いつわり彼氏は最強ヤンキー[完]
オレンジジュースを一口飲み、久世玲人の方に向くと、キッチンの近くにあるダイニングテーブルに座りながらコーラをグビグビと飲んでいた。

こっちに来ないのかな…?ま、別にいいけど。


「健司君たちは、よくここに来るの?」

「ああ、しょっちゅう。つーか、あいつらうちの合鍵持ってるから。ほぼ溜まり場になってる」

「ええっ、合鍵っ!?それって…ご両親も許してるってこと?」

「うち、離婚してて母親いねーから。親父も海外赴任で滅多に帰ってこねーし。放任主義ってこと」

「そ、そうなんだ…。え、と…兄弟とかは…?」

「いない。俺1人」

「そ、そう…」


それも、知らなかった…。

それじゃあ、久世玲人はこんな広いマンションに、1人で住んでるんだ…。サラッと言ってたけど、寂しくないのかな…。

私のそんな思いが表情にも出ていたようで、久世玲人は「あのな、この年で寂しいとか思わねーから。んな顔するな」と苦笑する。


「そうかもしれないけど、でも…」

私とは違う家庭環境に、どうしても戸惑ってしまう。あんまり聞いちゃいけなかったかな、と思ってしまう。

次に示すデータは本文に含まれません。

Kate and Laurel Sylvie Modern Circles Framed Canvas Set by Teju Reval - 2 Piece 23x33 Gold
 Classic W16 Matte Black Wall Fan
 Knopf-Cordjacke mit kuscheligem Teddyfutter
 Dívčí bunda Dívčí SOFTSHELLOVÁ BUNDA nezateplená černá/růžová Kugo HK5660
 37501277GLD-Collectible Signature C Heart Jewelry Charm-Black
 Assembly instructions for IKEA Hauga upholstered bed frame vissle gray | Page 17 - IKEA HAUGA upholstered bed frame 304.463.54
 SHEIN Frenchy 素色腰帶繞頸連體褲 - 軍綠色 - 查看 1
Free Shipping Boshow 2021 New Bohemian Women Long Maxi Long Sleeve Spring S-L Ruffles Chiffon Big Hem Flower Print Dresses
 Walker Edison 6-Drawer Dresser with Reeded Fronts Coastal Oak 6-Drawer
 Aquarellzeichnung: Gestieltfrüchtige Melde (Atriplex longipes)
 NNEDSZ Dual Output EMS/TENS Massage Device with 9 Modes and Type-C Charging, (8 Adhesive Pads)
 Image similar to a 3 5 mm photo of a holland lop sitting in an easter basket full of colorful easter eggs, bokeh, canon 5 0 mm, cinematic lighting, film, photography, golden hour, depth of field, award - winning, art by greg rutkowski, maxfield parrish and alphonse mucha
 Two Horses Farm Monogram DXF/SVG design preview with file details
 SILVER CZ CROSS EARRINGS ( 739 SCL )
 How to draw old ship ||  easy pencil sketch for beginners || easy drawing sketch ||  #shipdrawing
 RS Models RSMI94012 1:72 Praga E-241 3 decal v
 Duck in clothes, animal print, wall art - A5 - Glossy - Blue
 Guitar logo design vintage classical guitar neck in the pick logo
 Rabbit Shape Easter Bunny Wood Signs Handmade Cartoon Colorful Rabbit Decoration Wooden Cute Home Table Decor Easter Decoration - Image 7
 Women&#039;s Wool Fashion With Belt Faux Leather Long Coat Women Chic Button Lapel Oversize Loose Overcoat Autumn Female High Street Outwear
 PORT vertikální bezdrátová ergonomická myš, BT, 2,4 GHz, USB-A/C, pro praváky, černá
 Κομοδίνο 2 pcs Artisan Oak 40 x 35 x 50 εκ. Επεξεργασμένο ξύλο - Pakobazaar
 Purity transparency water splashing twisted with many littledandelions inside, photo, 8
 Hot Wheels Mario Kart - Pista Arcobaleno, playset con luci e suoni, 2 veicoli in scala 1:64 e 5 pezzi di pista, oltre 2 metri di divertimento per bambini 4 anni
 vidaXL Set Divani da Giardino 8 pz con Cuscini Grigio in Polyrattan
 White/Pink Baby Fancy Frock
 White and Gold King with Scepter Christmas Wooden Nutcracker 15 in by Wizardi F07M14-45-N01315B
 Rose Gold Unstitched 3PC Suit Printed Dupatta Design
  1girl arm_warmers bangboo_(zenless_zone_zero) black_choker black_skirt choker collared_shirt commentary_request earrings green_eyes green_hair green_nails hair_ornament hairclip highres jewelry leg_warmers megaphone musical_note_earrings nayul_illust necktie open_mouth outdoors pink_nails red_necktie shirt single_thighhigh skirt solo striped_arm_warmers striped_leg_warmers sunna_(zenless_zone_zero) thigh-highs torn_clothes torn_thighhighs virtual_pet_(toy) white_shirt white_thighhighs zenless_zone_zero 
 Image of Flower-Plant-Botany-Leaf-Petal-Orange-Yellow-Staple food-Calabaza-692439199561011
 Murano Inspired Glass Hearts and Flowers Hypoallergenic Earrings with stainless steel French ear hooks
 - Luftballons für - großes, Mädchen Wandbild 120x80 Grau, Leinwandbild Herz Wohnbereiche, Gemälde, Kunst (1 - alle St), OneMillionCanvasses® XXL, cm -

しゅん、と勝手に落ち込んでいると、久世玲人はまた苦笑しながらコーラを飲んだ。


「じゃあ、寂しいって言ったら、一緒に住んでくれんの?だったらマジで言うけど」

「なっ!何言ってんの…!!そんなことっ…!!」

「……冗談だって。そんなあからさまに困った顔すんな」


そう言うと久世玲人は飲み終わったペットボトルをペキペキと潰しながら、再び私に向いた。


「それより、そんなこと聞きにわざわざ?マジメな菜都が学校サボってまで?」



……ハッ。

そういえば、こんな話しをするためにここに来たんじゃなかった!!

本題に入らなきゃ!


当初の目的を思い出し、けほん、と咳払いを一つして久世玲人に向いた。